BEGIN Supplied data

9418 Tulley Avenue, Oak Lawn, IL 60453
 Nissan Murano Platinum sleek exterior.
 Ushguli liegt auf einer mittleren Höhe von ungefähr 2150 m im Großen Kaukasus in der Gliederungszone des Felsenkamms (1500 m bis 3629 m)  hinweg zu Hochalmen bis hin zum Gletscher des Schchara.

END Supplied data
BEGIN Supplied data

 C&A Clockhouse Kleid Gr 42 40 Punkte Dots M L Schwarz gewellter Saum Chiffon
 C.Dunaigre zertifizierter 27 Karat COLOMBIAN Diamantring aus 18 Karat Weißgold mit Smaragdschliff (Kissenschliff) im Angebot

END Supplied data

- Work instruction -
Reproduce the lines above, beginning at the line with "9418 Tulley Avenue, Oak Lawn, IL 60453" and stopping after the line with "Nissan Murano Platinum sleek exterior.", exactly as they are.

- Task solution -
9418 Tulley Avenue, Oak Lawn, IL 60453
 Nissan Murano Platinum sleek exterior.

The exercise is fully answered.